_WHAT NEEDS TO BE DONE_.
Each line below from the "cho thuê nhà" line through the "Mr & Mrs Sewell" line, those two included, must be restated word for word; the pictures must not be.

_INPUT DATA_.
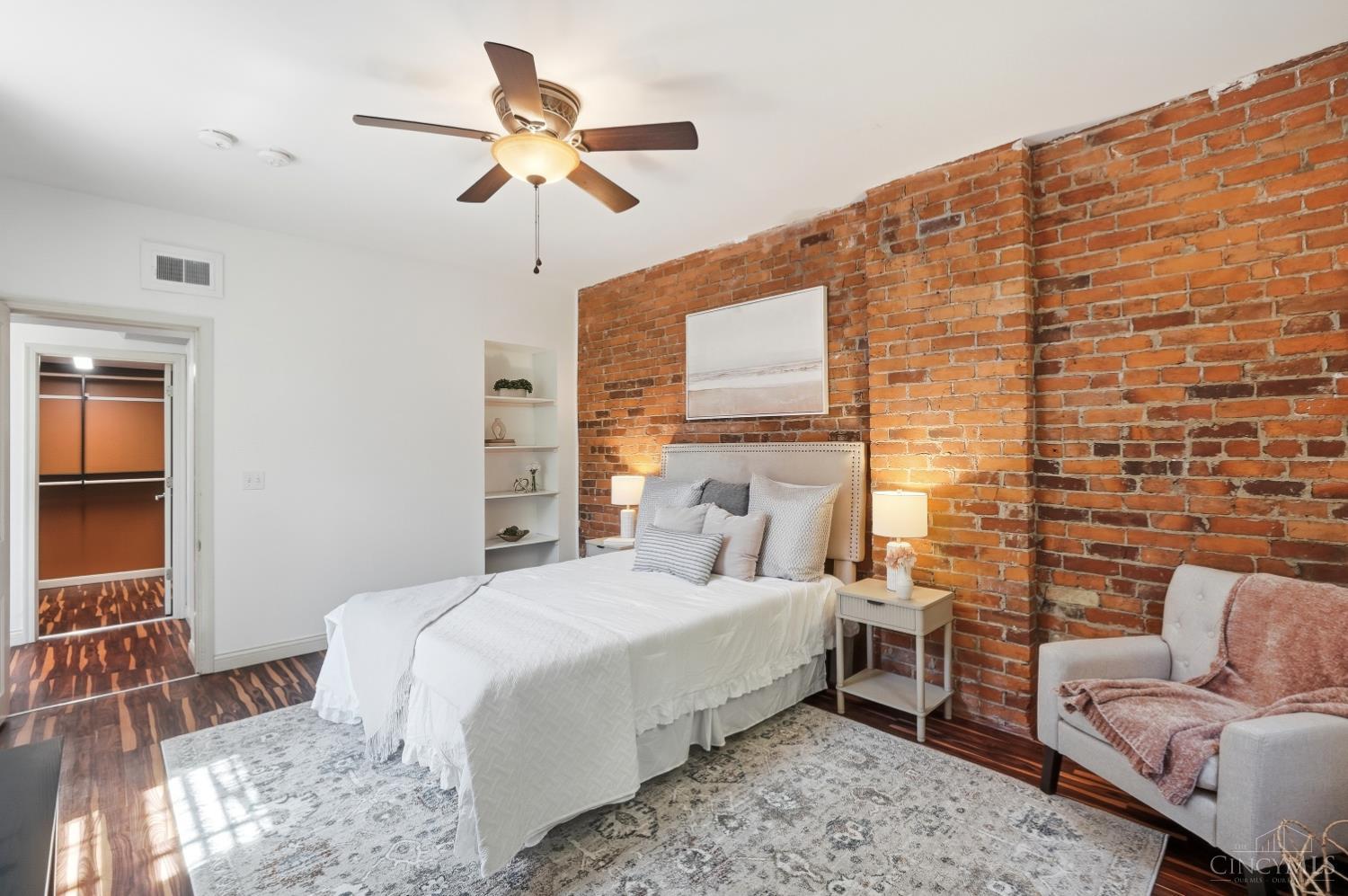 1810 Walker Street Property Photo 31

==

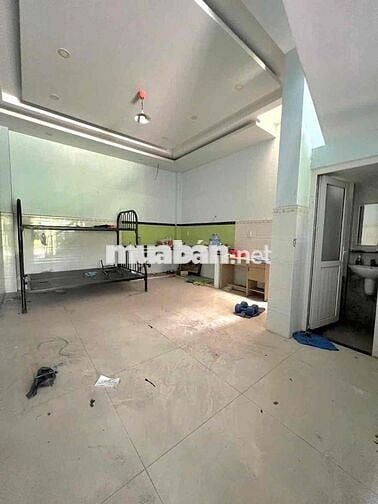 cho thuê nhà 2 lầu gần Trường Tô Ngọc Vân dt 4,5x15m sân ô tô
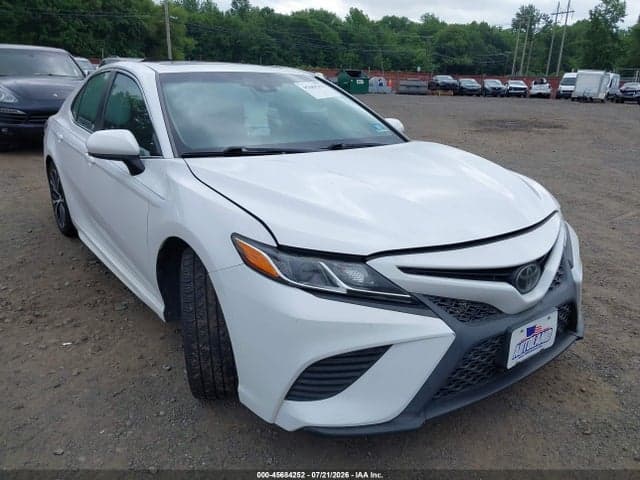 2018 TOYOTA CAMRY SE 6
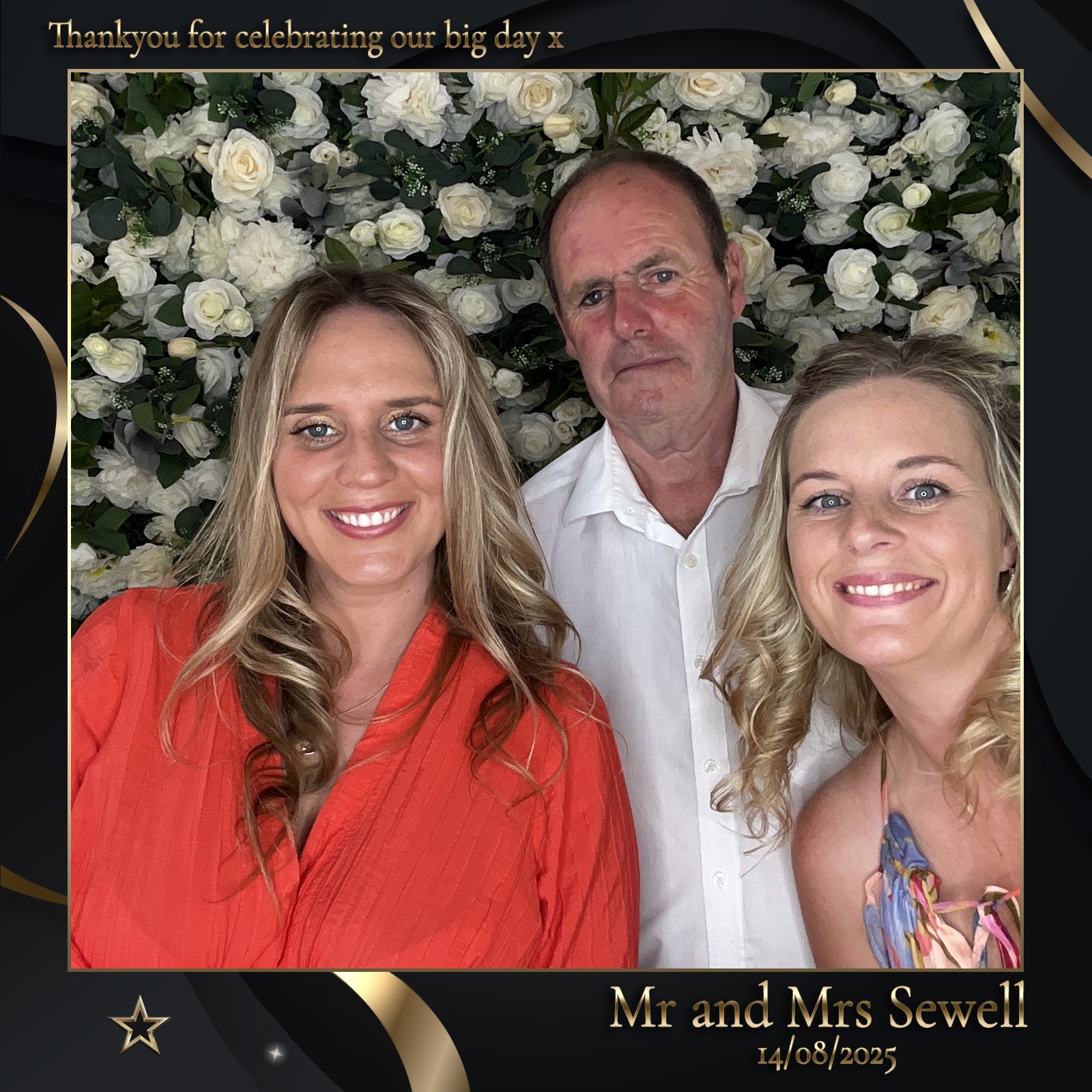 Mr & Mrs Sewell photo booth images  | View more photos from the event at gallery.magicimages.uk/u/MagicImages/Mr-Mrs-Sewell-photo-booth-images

...

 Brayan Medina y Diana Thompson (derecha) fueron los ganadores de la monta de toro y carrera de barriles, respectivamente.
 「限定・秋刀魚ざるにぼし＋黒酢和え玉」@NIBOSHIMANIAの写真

_EXPECTED ANSWER_.
 cho thuê nhà 2 lầu gần Trường Tô Ngọc Vân dt 4,5x15m sân ô tô
 2018 TOYOTA CAMRY SE 6
 Mr & Mrs Sewell photo booth images  | View more photos from the event at gallery.magicimages.uk/u/MagicImages/Mr-Mrs-Sewell-photo-booth-images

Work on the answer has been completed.